The problem’s been happening about a week, and after multiple restarts, so whatever’s supposed to be self-healing, isn’t in my case.
I saw this in one of my clusters too… it’s just a noise atm
I didn’t wait long enough. I restarted both pods and they went instantly OK
Happened with me on clean install of karpenter v0.20.0 that has been deployed using v4.18.1 of https://github.com/aws-ia/terraform-aws-eks-blueprints/releases/tag/v4.18.1 This repo has "examples/karpenter` that can be used to create a new eks cluster with karpenter.
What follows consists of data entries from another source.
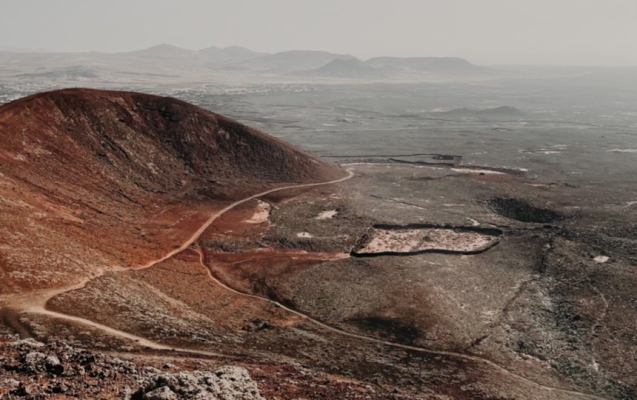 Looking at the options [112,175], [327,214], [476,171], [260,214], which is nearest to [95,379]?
[260,214]

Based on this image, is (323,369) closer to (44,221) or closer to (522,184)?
(44,221)

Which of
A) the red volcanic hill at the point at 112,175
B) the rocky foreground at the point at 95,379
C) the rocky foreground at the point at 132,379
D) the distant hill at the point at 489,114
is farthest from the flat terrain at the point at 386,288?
the distant hill at the point at 489,114

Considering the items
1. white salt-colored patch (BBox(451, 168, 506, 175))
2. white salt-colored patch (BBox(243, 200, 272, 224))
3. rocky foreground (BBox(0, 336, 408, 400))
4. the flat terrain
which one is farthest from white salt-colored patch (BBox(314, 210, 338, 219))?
white salt-colored patch (BBox(451, 168, 506, 175))

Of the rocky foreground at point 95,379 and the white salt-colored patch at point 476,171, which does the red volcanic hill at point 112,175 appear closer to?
the rocky foreground at point 95,379

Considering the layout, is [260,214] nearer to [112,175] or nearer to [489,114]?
[112,175]

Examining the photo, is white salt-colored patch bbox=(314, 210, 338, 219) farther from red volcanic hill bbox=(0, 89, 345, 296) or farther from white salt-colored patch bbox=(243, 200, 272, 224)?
red volcanic hill bbox=(0, 89, 345, 296)

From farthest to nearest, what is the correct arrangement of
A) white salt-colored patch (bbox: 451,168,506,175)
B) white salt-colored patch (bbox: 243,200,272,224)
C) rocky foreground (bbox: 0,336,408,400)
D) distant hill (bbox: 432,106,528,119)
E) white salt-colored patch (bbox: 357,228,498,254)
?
distant hill (bbox: 432,106,528,119) < white salt-colored patch (bbox: 451,168,506,175) < white salt-colored patch (bbox: 243,200,272,224) < white salt-colored patch (bbox: 357,228,498,254) < rocky foreground (bbox: 0,336,408,400) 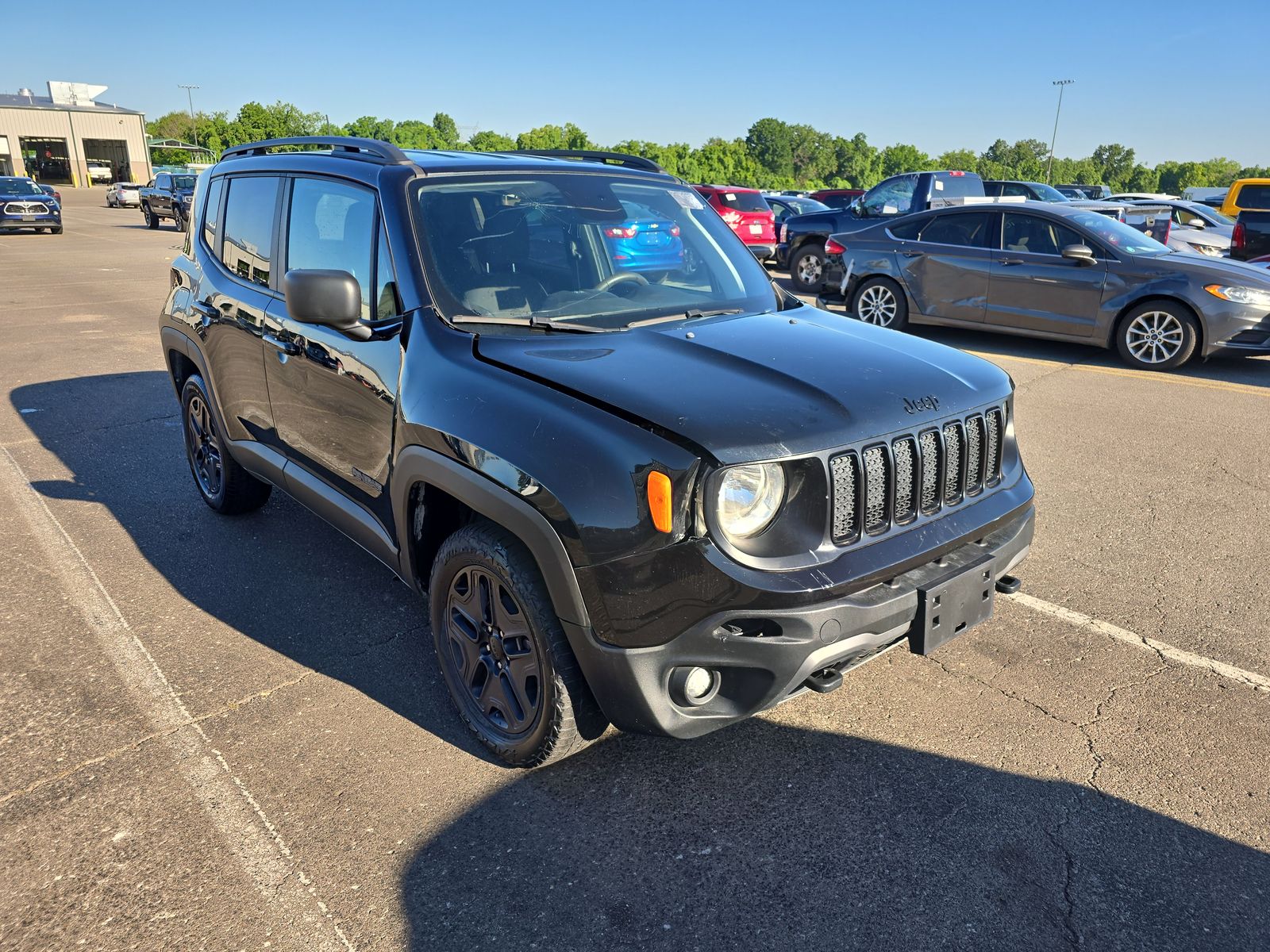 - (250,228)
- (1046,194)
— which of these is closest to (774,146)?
(1046,194)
These logs are from two pods. Note that errors are only in logs of one pod. Other pod’s logs don’t have these errors. Secondly, these errors were only seen on 2022-12-16 (When I created fresh cluster with karpenter). I am not noticing these errors now.
This comment is copied from my message at https://kubernetes.slack.com/archives/C02SFFZSA2K/p1671437472589809
Did the controller not work after these errors? They should just be transient errors that self heal, since both controllers are trying to reconcile the same webhook.
upgraded from v0.20 to v0.21 and enabled
DriftEnabled
. got this errorrestarting both pods seems to fix it
Reopening this as the issue is still here and lies with knative.